2021 in review: The most moving game of the year was about moving
Think outside the box.
Hello! Over the next few days we're going to be going back over some of our favourite games and moments and themes and whatnot from this very strange year. We hope you enjoy looking back with us!
This Christmas I'm going back to the house where I grew up. It's been more than 15 years since I moved out, and so it is now very definitely my parents' house and not my own - but part of me will always think of it as home.
No one enjoys moving house, but I've wondered whether having that childhood address for so long is part of why I hate the idea of moving so much.

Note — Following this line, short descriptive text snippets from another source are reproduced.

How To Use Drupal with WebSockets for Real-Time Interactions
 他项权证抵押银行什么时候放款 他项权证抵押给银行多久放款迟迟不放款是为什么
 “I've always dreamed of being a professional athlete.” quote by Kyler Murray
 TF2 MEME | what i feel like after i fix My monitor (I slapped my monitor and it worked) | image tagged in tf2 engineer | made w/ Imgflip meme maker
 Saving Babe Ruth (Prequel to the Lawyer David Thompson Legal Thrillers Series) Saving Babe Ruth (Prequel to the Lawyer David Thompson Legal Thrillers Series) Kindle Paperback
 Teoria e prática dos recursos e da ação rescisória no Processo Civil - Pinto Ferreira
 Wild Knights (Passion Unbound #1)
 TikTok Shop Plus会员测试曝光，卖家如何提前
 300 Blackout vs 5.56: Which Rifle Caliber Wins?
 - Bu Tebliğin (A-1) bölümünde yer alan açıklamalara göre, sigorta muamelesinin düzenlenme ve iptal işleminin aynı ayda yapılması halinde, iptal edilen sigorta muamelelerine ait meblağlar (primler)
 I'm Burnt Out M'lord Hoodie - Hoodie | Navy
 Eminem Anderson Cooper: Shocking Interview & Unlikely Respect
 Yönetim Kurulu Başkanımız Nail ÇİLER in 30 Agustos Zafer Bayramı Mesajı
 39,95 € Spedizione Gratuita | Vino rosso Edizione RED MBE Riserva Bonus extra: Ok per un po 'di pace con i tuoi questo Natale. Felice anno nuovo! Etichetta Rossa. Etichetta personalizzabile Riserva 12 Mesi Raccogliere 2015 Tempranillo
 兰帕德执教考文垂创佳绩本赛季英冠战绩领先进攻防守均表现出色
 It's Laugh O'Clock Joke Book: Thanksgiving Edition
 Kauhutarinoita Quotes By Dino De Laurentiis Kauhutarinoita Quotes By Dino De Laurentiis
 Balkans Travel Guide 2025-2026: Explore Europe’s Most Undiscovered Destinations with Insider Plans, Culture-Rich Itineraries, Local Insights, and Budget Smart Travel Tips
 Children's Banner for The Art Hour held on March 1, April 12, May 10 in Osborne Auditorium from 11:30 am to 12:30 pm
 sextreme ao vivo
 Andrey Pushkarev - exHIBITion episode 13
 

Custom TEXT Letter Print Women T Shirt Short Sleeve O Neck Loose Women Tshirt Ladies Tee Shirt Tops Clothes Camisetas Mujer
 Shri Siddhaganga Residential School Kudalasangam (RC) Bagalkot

Moving is a huge disruption. It means putting life and work and money on hold. It means setting up the internet again.
But packing up and then unpacking somewhere new is a fact of life, and something we all have to put up with as circumstances change. Work or schools change, jobs change, families change. These changes are so often coupled with a new address. Sometimes, the only thing you can control is what you take with you.
I remember my first move, to uni, with just a car-load of old possessions plus a new set of crockery from Morrisons. I didn't spend long choosing what to take - it was more about the sense of freedom for what I could leave behind, a need to shed many of the childhood belongings I still retained.
Seeing those memories replicated so simply and beautifully in Unpacking, as its protagonist moves through their life, made it my personal game experience of the year. It has its own, subtle story to tell - and does so brilliantly through gameplay - but it's the stories it chimes with that really make it stick.
Unpacking is as simple as games come - taking possessions out of cardboard boxes and finding them a fresh home. But as Malindy wrote so perfectly in Eurogamer's Unpacking review, it's also the story of the items people take along with them, and the life changes which prompt those decisions, which drive your curiosity forward.
How much can you learn from a person by their university room? It's a time of life defined by hastily-bought posters Blu-tacked over walls. What about when you have to share spaces with others? Strangers? Lovers? What about when you have to take a step back?
Unpacking's genius is its simplicity - without anything more complicated to do, it's impossible not to ruminate on how the game doles out items and prescribes the limits on where they can be placed.
It is sometimes hilarious, and sometimes heartbreaking. Treasured possessions are lost and refound, hobbies grow and wane. There are various outside influences. There's another sock - and another toy chicken?! Ultimately, Unpacking is a game about the lives we lead via the rooms and houses we live in, filled with possessions which possess so much of us too.